* [REQUIRED WORK] For the records below, output word for word the lines from the one with "Spin Mop and" up to and including the one with "With Gift Bag". No pictures.
----- INPUT
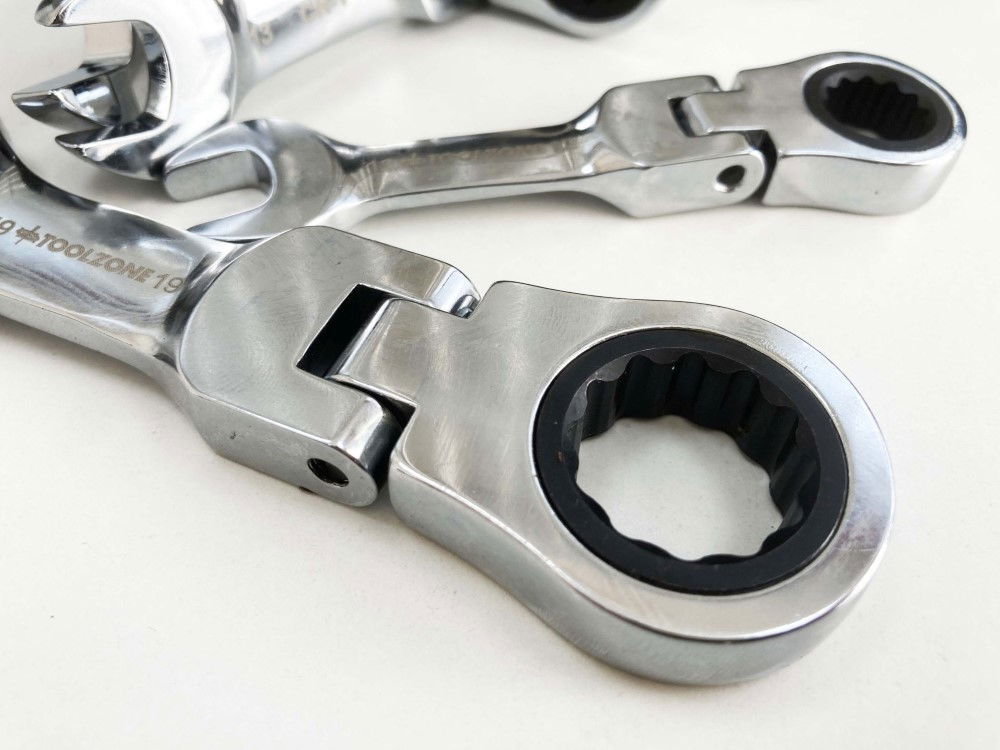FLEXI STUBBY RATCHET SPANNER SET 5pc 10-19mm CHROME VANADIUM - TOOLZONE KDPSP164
----------
----- INPUT
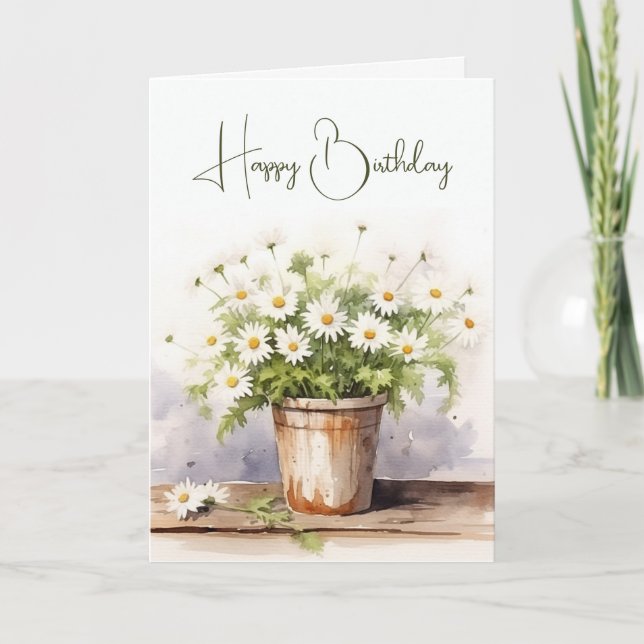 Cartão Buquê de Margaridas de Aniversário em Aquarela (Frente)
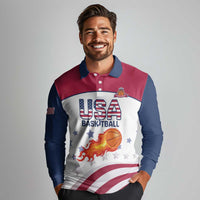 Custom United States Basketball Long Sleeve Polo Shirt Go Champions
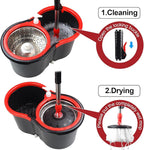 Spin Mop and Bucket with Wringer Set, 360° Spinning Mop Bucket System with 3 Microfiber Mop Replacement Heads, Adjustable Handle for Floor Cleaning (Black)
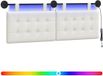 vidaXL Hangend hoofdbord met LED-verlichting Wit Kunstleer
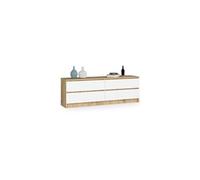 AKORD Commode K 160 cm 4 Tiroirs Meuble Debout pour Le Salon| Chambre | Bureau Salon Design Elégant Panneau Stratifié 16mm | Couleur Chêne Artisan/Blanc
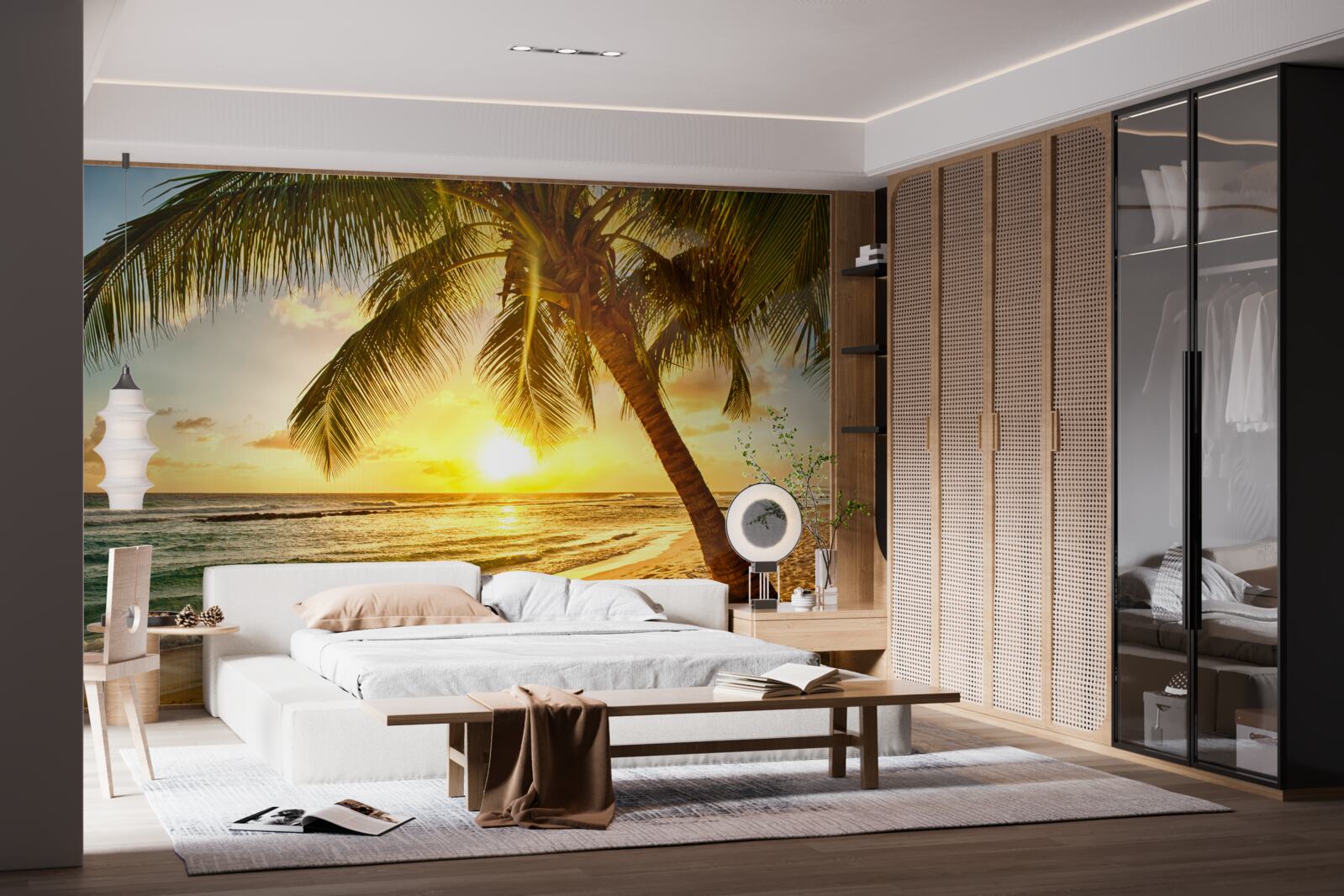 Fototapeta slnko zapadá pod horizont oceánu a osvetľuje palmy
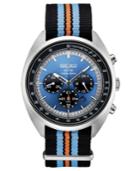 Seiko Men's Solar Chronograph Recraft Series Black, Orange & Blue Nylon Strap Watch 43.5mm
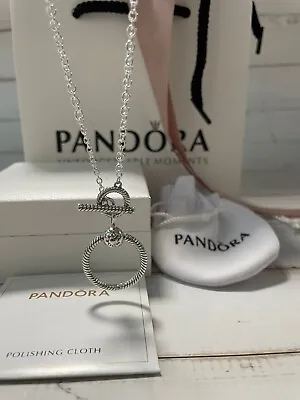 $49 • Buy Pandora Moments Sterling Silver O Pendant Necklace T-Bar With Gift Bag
----------
* [WRITTEN RESPONSE]
 Spin Mop and Bucket with Wringer Set, 360° Spinning Mop Bucket System with 3 Microfiber Mop Replacement Heads, Adjustable Handle for Floor Cleaning (Black)
 vidaXL Hangend hoofdbord met LED-verlichting Wit Kunstleer
 AKORD Commode K 160 cm 4 Tiroirs Meuble Debout pour Le Salon| Chambre | Bureau Salon Design Elégant Panneau Stratifié 16mm | Couleur Chêne Artisan/Blanc
 Fototapeta slnko zapadá pod horizont oceánu a osvetľuje palmy
 Seiko Men's Solar Chronograph Recraft Series Black, Orange & Blue Nylon Strap Watch 43.5mm
 $49 • Buy Pandora Moments Sterling Silver O Pendant Necklace T-Bar With Gift Bag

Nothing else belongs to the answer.